I've maxed out. Closed this blog.

#649111 added May 13, 2009 at 2:12pm
Restrictions: None
Moher's Day Is Over
      It is evening and Mother's Day is over. What a beautiful portrait is painted of loving mothers. Women who sacrificed themselves for us, who taught us to care for ourselves, taught us to pray and be good sports, who instilled wonderful basic values in us.

      Right. If mothers everywhere are so loving, so nurturing, so kind, so uplifting, then why do we live in such a sick world? Why do women still let their sons grow up to be chauvinistic pigs, and users/abusers of women? Why do so many young women have such low self esteem, if Mom was so supportive and encouraging? You know I want to answer my own questions before I pose them. Because very few people actually have those wonderful mothers.

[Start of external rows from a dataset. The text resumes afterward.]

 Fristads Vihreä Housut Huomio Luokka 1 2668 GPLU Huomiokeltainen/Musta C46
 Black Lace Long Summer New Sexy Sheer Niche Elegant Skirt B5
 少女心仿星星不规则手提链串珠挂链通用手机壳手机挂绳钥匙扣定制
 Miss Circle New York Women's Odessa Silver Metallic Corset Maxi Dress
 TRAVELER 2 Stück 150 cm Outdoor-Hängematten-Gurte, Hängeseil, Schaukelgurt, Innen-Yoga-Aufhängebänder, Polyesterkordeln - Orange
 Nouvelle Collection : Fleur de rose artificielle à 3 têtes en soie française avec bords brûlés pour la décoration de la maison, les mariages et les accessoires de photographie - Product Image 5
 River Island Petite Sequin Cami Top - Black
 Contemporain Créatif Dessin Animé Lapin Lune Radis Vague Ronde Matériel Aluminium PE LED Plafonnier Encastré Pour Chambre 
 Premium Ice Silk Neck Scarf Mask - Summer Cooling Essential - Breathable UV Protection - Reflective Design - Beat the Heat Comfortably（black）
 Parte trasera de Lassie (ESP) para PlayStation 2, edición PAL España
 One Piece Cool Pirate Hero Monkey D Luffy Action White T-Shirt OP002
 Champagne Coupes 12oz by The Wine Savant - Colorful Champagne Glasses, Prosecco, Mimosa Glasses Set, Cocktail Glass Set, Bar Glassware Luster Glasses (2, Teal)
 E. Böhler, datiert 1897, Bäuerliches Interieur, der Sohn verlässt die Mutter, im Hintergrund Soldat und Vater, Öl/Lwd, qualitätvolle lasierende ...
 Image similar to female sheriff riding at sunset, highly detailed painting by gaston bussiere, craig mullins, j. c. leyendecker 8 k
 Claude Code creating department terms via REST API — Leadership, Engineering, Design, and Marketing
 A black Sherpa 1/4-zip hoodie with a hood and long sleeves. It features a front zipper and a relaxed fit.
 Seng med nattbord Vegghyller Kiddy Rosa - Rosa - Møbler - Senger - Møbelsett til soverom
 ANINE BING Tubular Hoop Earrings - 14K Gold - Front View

      I was one of the lucky ones. So are many people on WritingDotCom. We can wax nostalgic on our mothers, but we were the exception, not the norm. Even our loving mothers were flawed. They had their own problems which they passed to us. (I can hear my Mom's voice in my own negative thoughts sometimes.)

      Even in churches, with all those images of virtue, many people have had bad mother experiences. Many people were abandoned by their mothers to others. Many were misused. Some mothers are self-centered and immature and really only provide the necessities of survival, but no love, not guidance, no nurturing. Some mothers are abusive.

      A fine Christian gentleman, who himself is successful and has a lovely wife and great grown kids, told me his mother verbally berated him and his brother constantly. She burned them with cigarettes when she was angry. He remembers at age 14 struggling to figure out what they had done wrong, why they were so bad, why they had earned her anger. They bent over backwards to do what she told them, to please her, but never satisfied her. She called them stupid and burdensome, and he wondered why God made him so bad, what was so wrong with him. He never knew happiness until he had long left home. I'll tell you he's a wonderful father and a great youth worker. He broke the cycle, but many can't, preferring not to rub salt in wounds that won't heal.

      I had a pastor who, after decades of counseling with people, vowed he'd never preach another Mother's Day sermon because it hurt too many innocent people. People who had never known the love or sacrifice of a mother would only feel set apart and be reminded of their own childhood pain. He would preach on other days about parenting, breaking wrongful traditions,  and honoring parents.

    I'm afraid that in our self-indulgent, me-driven culture that bad mothering is becoming epidemic. Far too many people experience Mother's Day as just a fairy tale.